Mais tout n’était peut-être pas perdu. Sophie a entendu parler de cette institution nationale d’archives qui a pour mandat de préserver les documents témoignant des hommes et des femmes qui ont marqué, chacun à leur manière, le développement de la société québécoise. Peut-être a-t-on archivé le blogue de son père ? Au bout du fil, le responsable des acquisitions lui dit que, malheureusement, la politique de collecte des blogues et sites Web n’a été mise en application qu’en 2027 et que, dans un premier temps, elle était surtout destinée à assurer la préservation des documents des organismes publics. Ce n’est donc que tout récemment qu’on a mis en place un programme visant spécifiquement les documents numériques des individus. Désolé…

Moralité : il faut gérer le numérique maintenant, pendant qu’il est encore temps.

2011, mis à jour 2016

lundi 9 mai 2016

Images animées ou en mouvement

Bien que le Grand dictionnaire terminologique de l’Office de langue française indique clairement sa préférence à « image animée » pour désigner les films, les vidéos et toutes formes d’images qui, contrairement à la photographie, ne sont pas « fixes », la communauté archivistique québécoise recourt à l’anglicisme « image en mouvement », une mauvaise traduction de moving picture ou moving images. Dans la langue courante, le mot « animation » désigne le fait d’être en mouvement, notamment « une méthode permettant de donner, par une suite d’images (dessins, photographies), l’impression du mouvement » (Le Petit Robert, 1987). Il ne viendrait jamais à l’idée d’un enfant d’écouter des dessins en mouvement à la télévision, n’est-ce pas ? Alors pourquoi employer sciemment l’anglicisme « image en mouvement » dans le domaine des archives ?
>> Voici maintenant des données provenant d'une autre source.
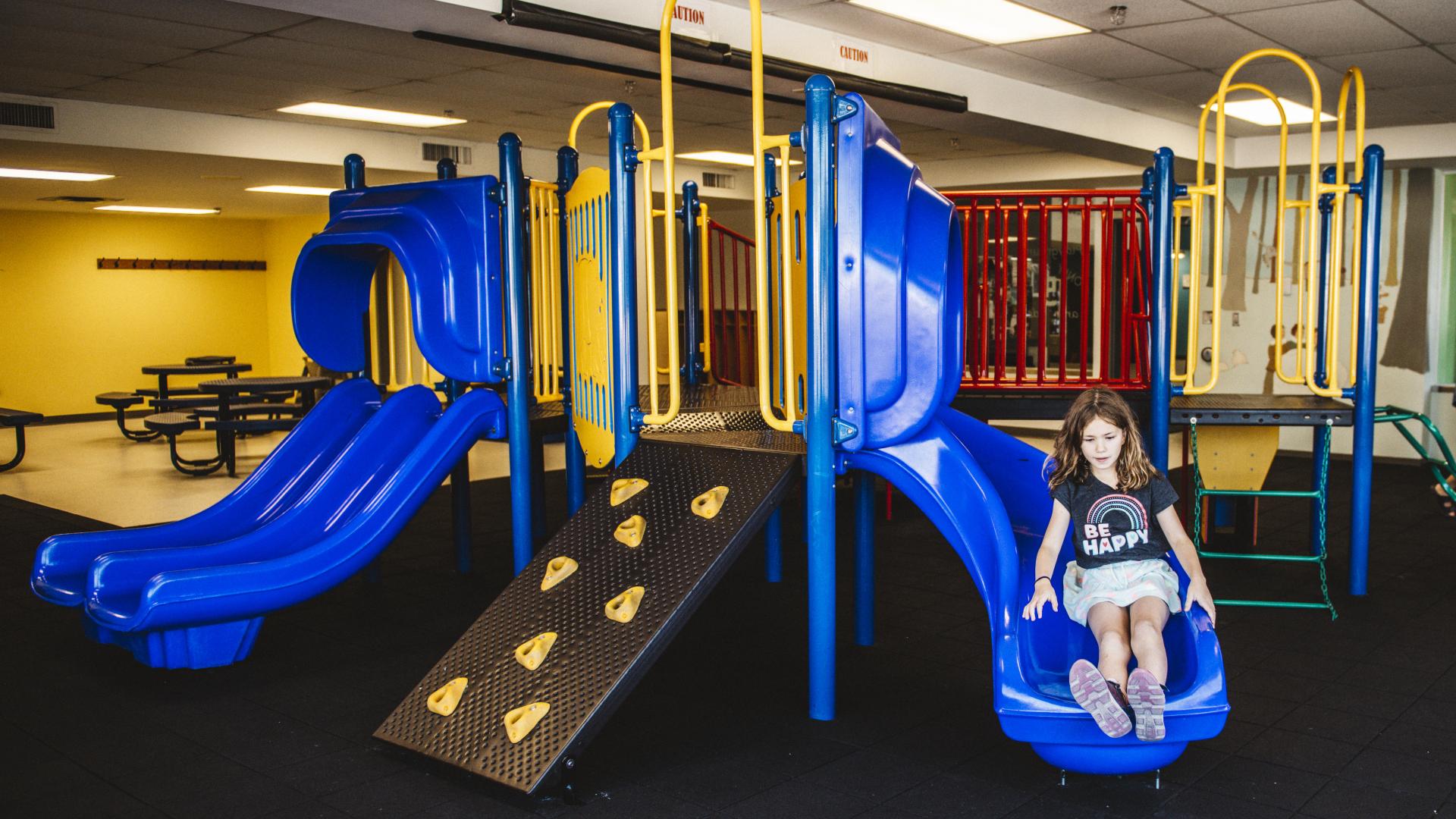 Indoor playground with child in photo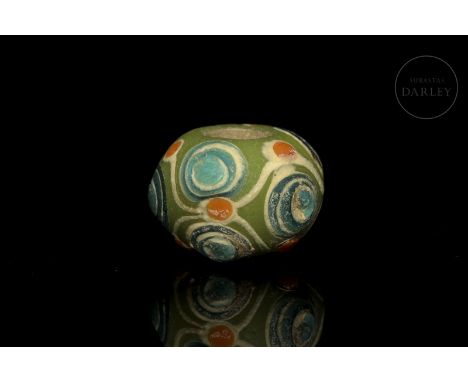 A slightly flattened bead of vitreous paste with coloured glaze, also known as ‘??’ (Liúlí). The decoration is composed of sm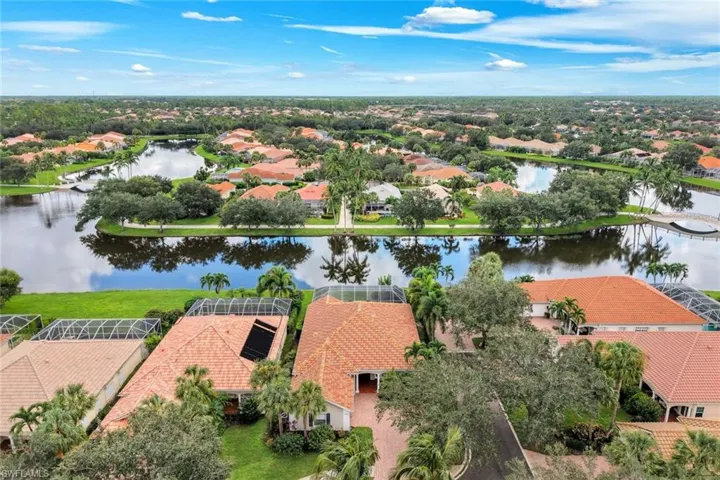 Waterfront community with mature landscaping and multiple residential structures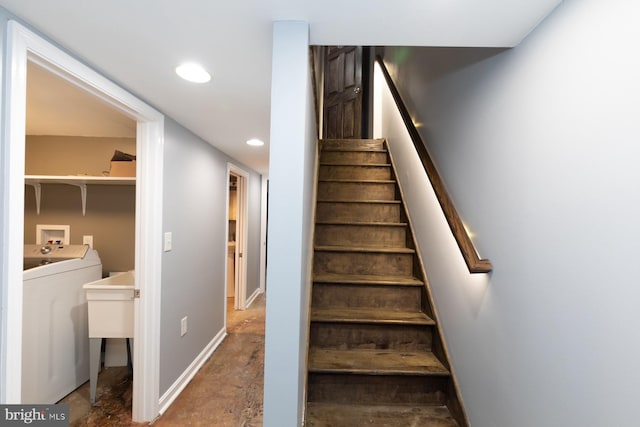 stairs with sink and washer / dryer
Quand j’ai posé cette question à des collègues, ils m’ont donné la seule réponse acceptable : « Les Règles de description des documents d’archives ont adoptées ce terme et nous ne pouvons aller à l’encontre des RDDA ». Vérification faite auprès d’une collègue du traitement, je constate qu’il s’agit effectivement du terme qui a été retenu par le comité qui est à l’origine des RDDA. Je suis néanmoins déçu que les membres de ce comité, malgré le travail remarquable qu’ils ont réalisé, n’aient pas réussi à penser en français et, par le fait même, à dépasser le niveau du français fédéral.
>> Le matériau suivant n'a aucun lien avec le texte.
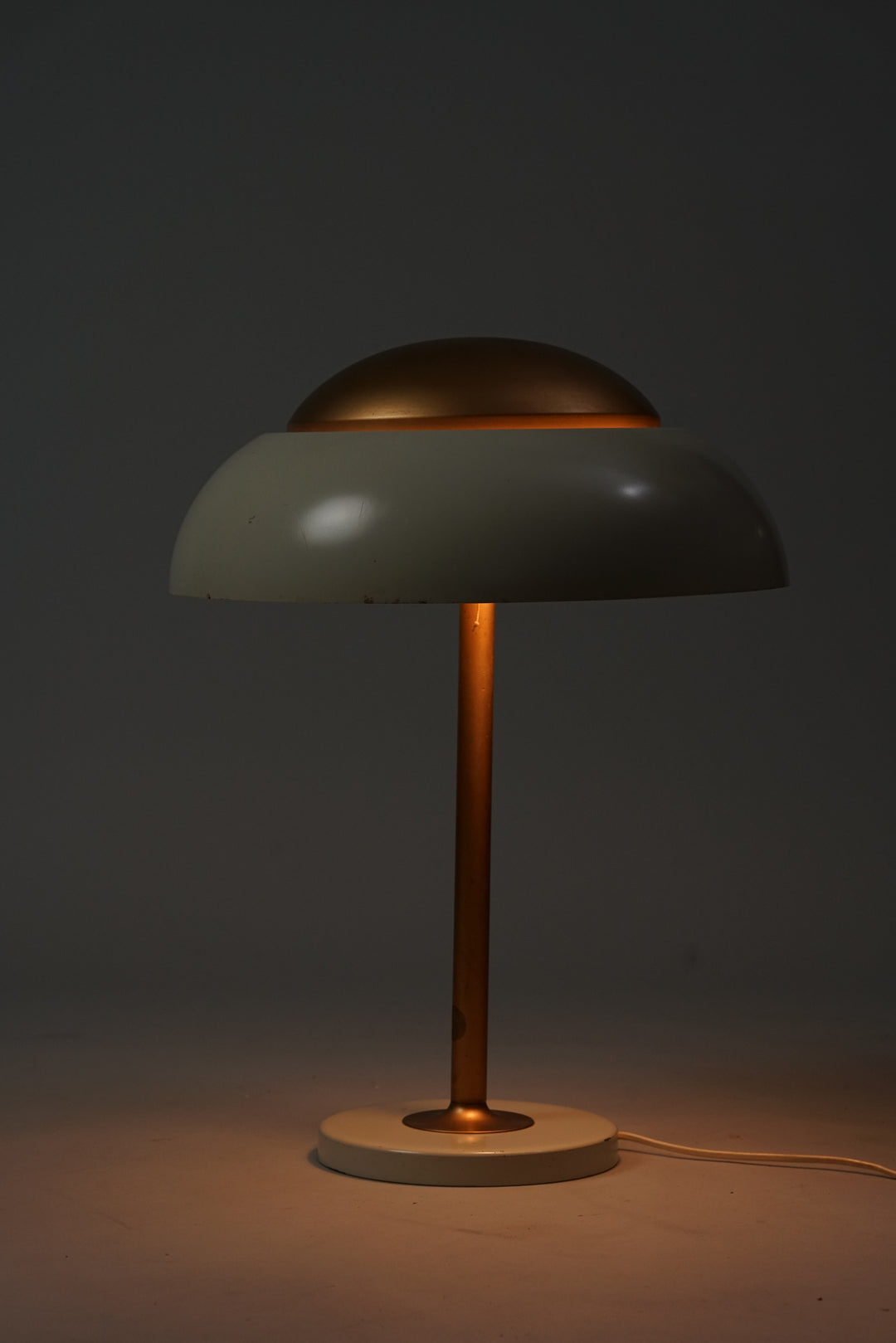 Painted metal lamp with the leg and top part of shade being bronze color and the rest white.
Je rends les armes, je baisse les bras… Dorénavant, dans le cadre de mon travail à BAnQ, je me résoudrai à parler d’images en mouvement, même si ça conduit parfois à des aberrations. Par exemple, dans un article de Pierre Chaperon publié dans Cursus (Indexation des images en mouvement : un tour d’horizon, l’auteur emploie à six reprises « images animées » dans son article dans lequel, à l’exception du titre, on ne retrouve JAMAIS « images en mouvement ». Même chose sur Google : l’équation de recherche « images en mouvement ou images animées » ne donne que « images animées » comme résultat. Tant pis, continuons à parler d’images en mouvement, de système corporatif et de disposition finale. Après tout, c’est ce qui nous distingue, non ? Dommage qu’on lutte depuis si longtemps pour le fait français au Québec… avec d’aussi piètres résultats.